How to complete this task:
Whatever appears in the records, retype it exactly, except for the pictures.

(Short web captions)
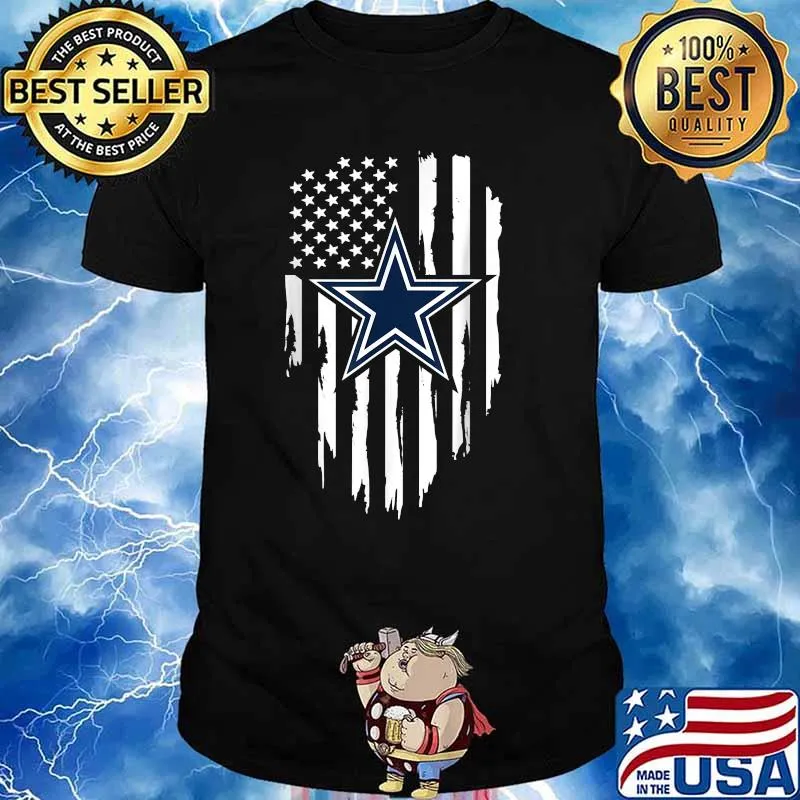 Dallas Fan Football Love CowBoys Best Father's Day American Flag Shirt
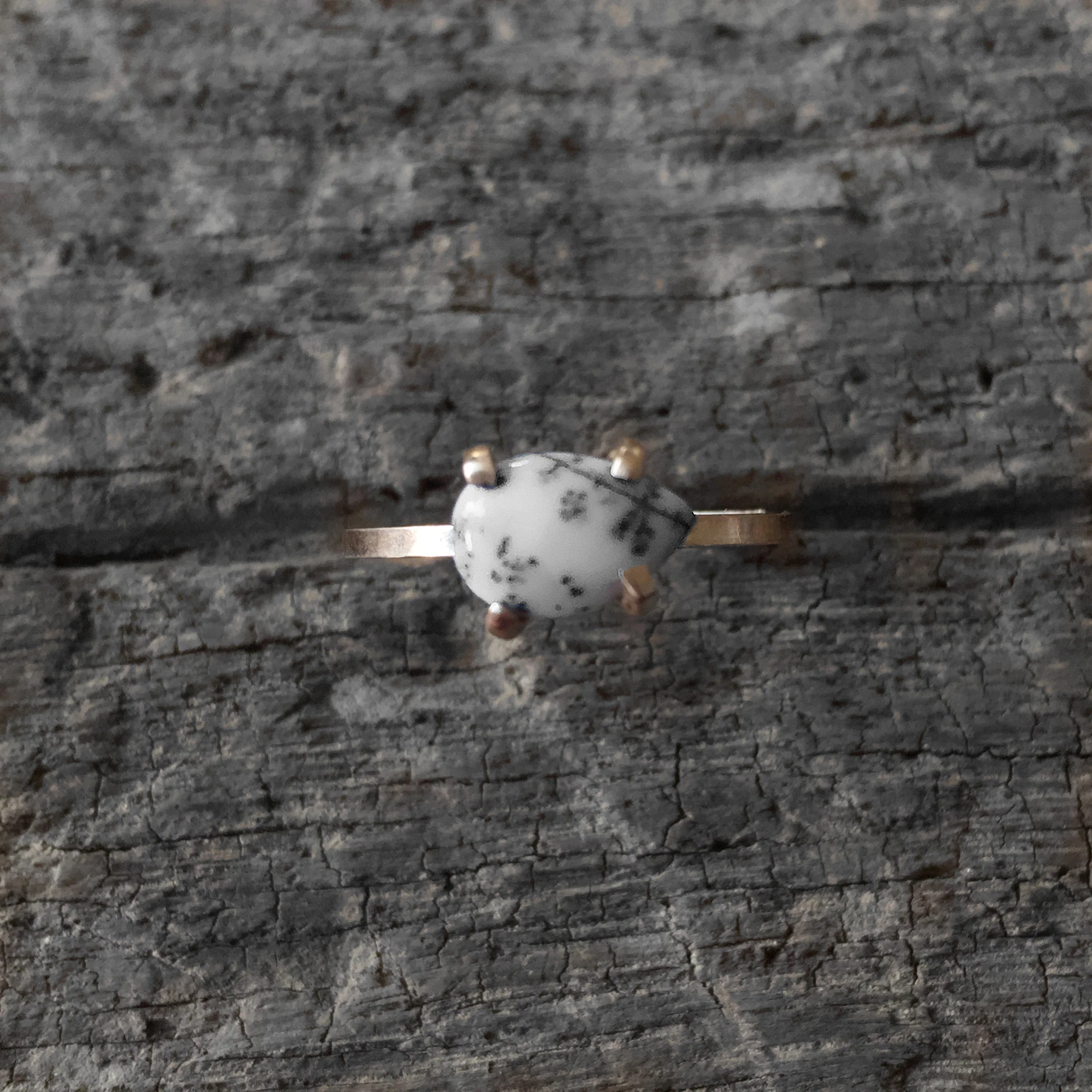 Dendritic Opal Pear Ring - Made to Order - Image 4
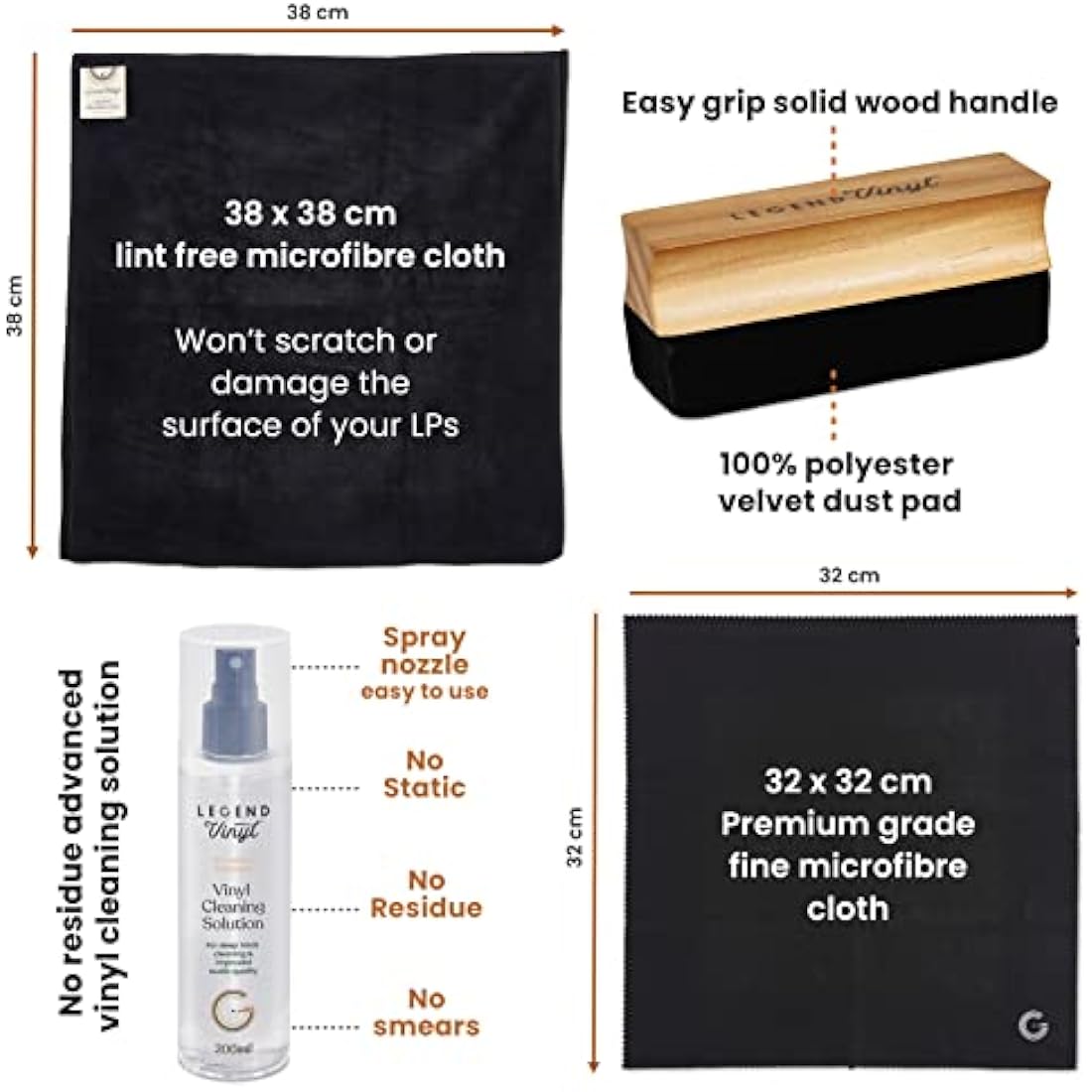Legend Vinyl Complete Care Vinyl Cleaning Kit - 200ml Cleaning Solution, 2 Large Microfiber Cloths, Wooden Handle Dust Brush, Carbon Fibre Stylus Brush & Fluid for Record Cleaning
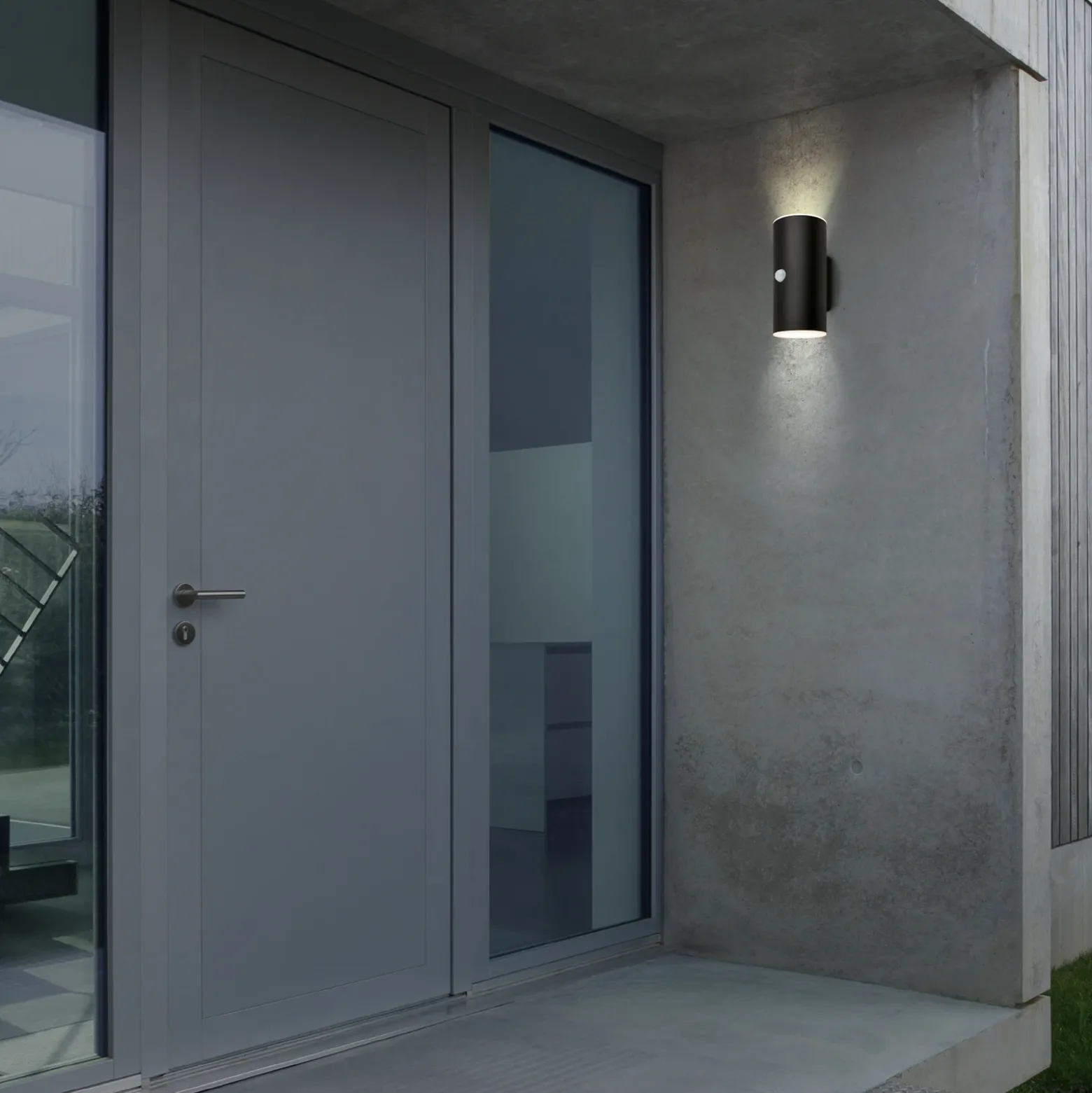 Aplique LED para exterior con batería 3787015, negro, sensor, arriba/abajo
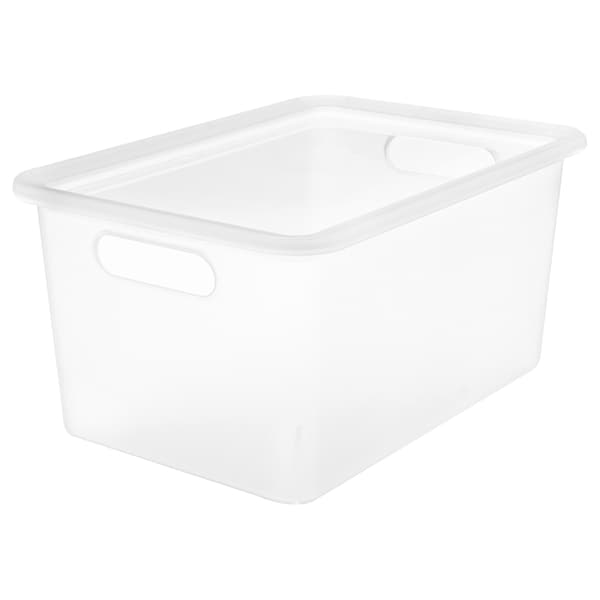 IKEA JORDBRUK storage box with lid, clear, 13x9x6 in , IKEA Sale | 61592QAKD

Task output:
 Dallas Fan Football Love CowBoys Best Father's Day American Flag Shirt
 Dendritic Opal Pear Ring - Made to Order - Image 4
Legend Vinyl Complete Care Vinyl Cleaning Kit - 200ml Cleaning Solution, 2 Large Microfiber Cloths, Wooden Handle Dust Brush, Carbon Fibre Stylus Brush & Fluid for Record Cleaning
 Aplique LED para exterior con batería 3787015, negro, sensor, arriba/abajo
 IKEA JORDBRUK storage box with lid, clear, 13x9x6 in , IKEA Sale | 61592QAKD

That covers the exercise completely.